Building a Machine Learning Server: Installing NVIDIA Driver, CUDA, and Docker on Ubuntu

Hello. This time I’ll write about the steps to install NVIDIA CUDA and build an environment for running PyTorch, TensorFlow, etc. using NVIDIA GPUs.

While there are many such articles out there, this article differs from others in that it assumes use as a server shared in laboratories or companies.

I’ve been relying on the following “What’s the current status of NVIDIA Docker? (20.09 version)” written by Mr. Sasaki from NVIDIA, but since the situation has changed in recent years, I’ll summarize it here.

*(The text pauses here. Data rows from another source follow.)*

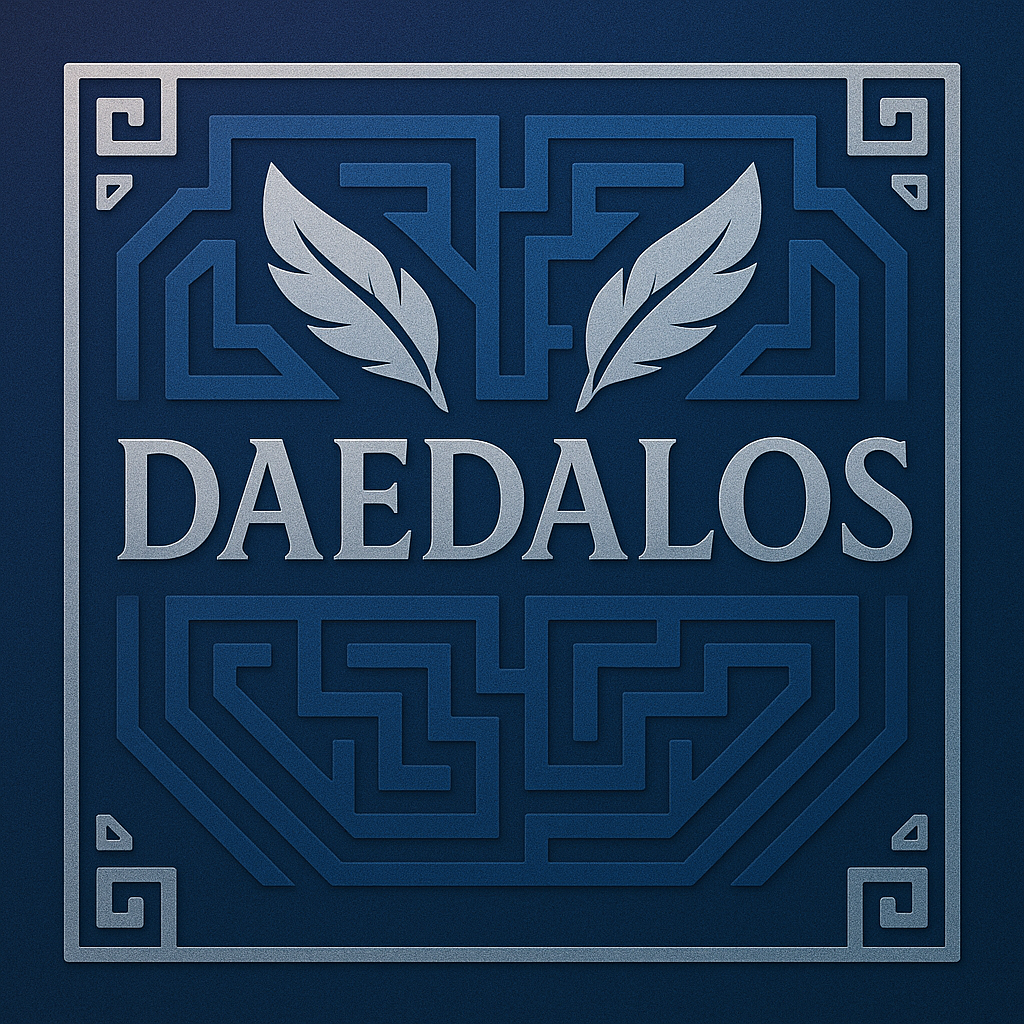 Daedalos.VisualStudio.Classifier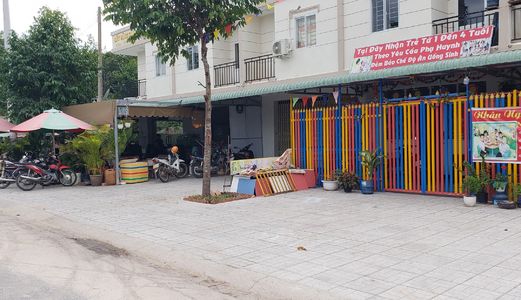 Bùng Nổ Siêu Dự Án Siêu Lợi Nhuận Đất Khu Đô Thị Bàu Bàng, Lh 0967879988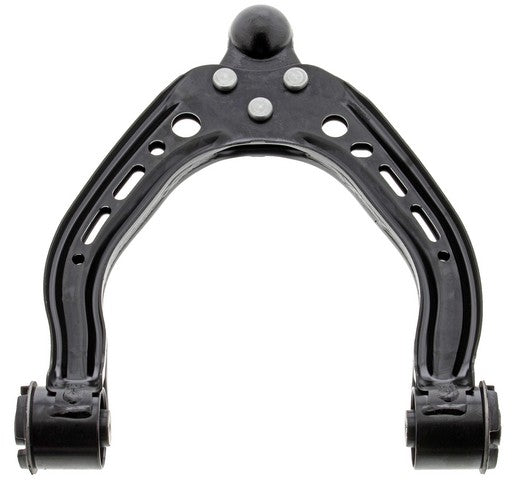 suspension control arm and ball joint assembly mevotech cms95129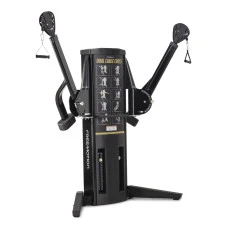 Для м'язів плечей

NVIDIA Docker って今どうなってるの？ (20.09 版)

※ この記事は以前私が Qiita に書いたものを、現状に合わせて更新したものです。(内容、結構変わりました)

medium.com

This article aims to build an environment with the following:

Ubuntu 22.04 LTS Server (Desktop is also fine)
Docker
NVIDIA Driver, CUDA, NVIDIA Docker

Ubuntu Installation and Configuration

First, install Ubuntu 22.04 LTS Server on the server. At the time of writing, 24.04 LTS will be released in about a month, but 22.04 should be fine until various libraries support it.

Please install Ubuntu using your preferred method. I usually install with the following settings:

Select server minimize
Don’t install third-party libraries
partition: select use as boot, allocate 1GB for boot area, mount the rest to / (root)
Install OpenSSH-Server

Even when bundling multiple NICs for bonding, it’s easier to modify netplan after installation.

After installing Ubuntu, log into the console and configure settings for remote work.

Package Installation

First, install your favorite libraries:

sudo apt update
sudo apt upgrade

sudo apt install -y \
    avahi-daemon git vim emacs build-essential \
    wget curl jq ffmpeg htop tmux screen parallel \
    imagemagick geeqie iputils-ping net-tools zsh

# Install packages for Python building
sudo apt install -y \
    build-essential libssl-dev zlib1g-dev \
    libbz2-dev libreadline-dev libsqlite3-dev curl \
    libncursesw5-dev xz-utils tk-dev libxml2-dev libxmlsec1-dev \
    libffi-dev liblzma-dev

Brief explanation of the installed packages:

git, wget, curl Essential
avahi-daemon mDNS library; with this installed, you can access from Windows, macOS, Linux via ssh server.local etc. from local LAN without setting up DNS
emacs, vim Installing both avoids editor wars
build-essential Contains various libraries for building
jq JSON parser. ML dataset information is sometimes provided in JSON format
ffmpeg Process videos from command line
imagemagick Handle images from command line
tmux, screen Maintain shells after logout, useful for running long training scripts. nohup works too
parallel Server machines usually have many cores, so use parallel processing for efficiency. xargs works too
htop View system usage. top works but htop is more readable
geeqie Image viewer. Light enough to use over X window
iputils-ping, net-tools Use ping to check other servers and internet connectivity
zsh Install your favorite shell

The second apt install is for packages to build Python. Since some server users might use pyenv, let’s install these.

Network Configuration

Next, configure the network. Ubuntu Server uses netplan for network configuration, so configure yaml files under /etc/netplan. For Ubuntu Desktop, use NetworkManager. To fix IP addresses, configure as follows:

Note that from Ubuntu 22.04, gateway4 notation changed to routes.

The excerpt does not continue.